New Zealand and the RNZYS have a strong connection with the various iterations of the round the world race. Sir Peter Blake and Grant Dalton both carried the RNZYS burgee when they won the race with IOR maxis Steinlager 2 and New Zealand Endeavour respectively in 198990 and 1993-94.
Ross Field and Mike Sanderson both subsequently led campaigns to victory, Field with Yamaha (Whitbread 60) in 1993-94 and Sanderson with ABN Amro One in 2005-06, while other campaigns were led by Kiwi skippers Digby Taylor, Chris Dickson, Brad Butterworth and Kevin Shoebridge. Between 1973 and the 2017-18 edition, 355 on-board crew positions were occupied by New Zealanders across multiple entries.
The original 1973 race stopped in Sydney and by-passed New Zealand, but the Whitbread organisers were not happy with the Australian reception. They felt the city largely ignored the round the world racers in favour of the traditional Sydney-Hobart race.
In negotiations with the RNZYS, Auckland became the stopover for the next and most of the subsequent races. It became a crew favourite over the years and a major maintenance stop, enjoying the support and expertise of the local marine industry.
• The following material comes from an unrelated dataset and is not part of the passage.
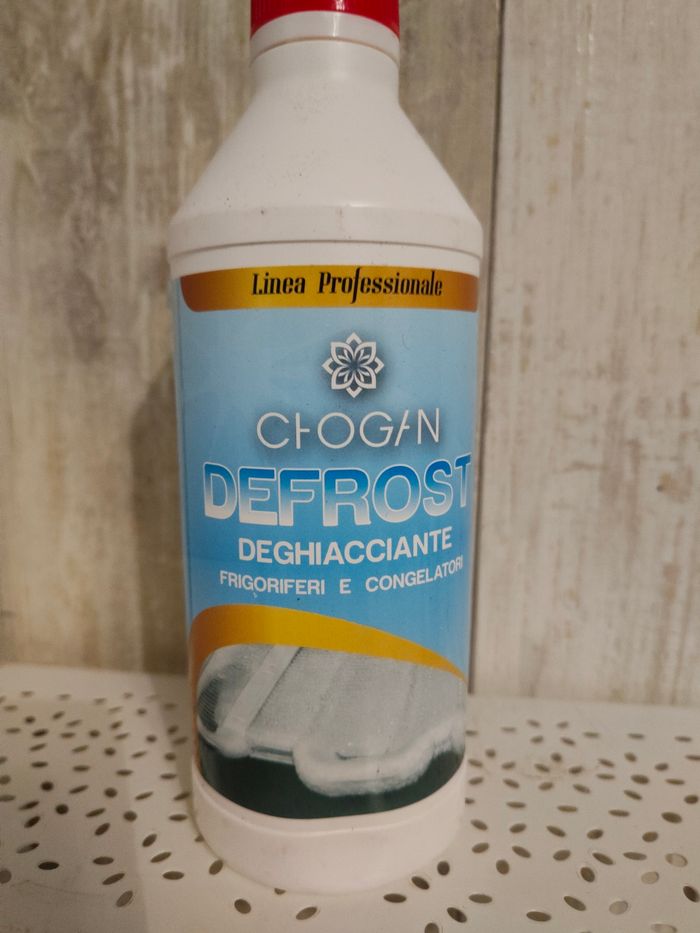 Nettoyant et dégivrant congélateur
The Ocean Globe Race organisers are already in discussions with industry representatives about haul-outs and maintenance for the yachts during the stopover, while the RNZYS is mobilising some of its own partnerships and relationships, like Accor Hotels, to facilitate crew members’ time in New Zealand. Many will take the opportunity to explore New Zealand beyond Auckland, while their families visit.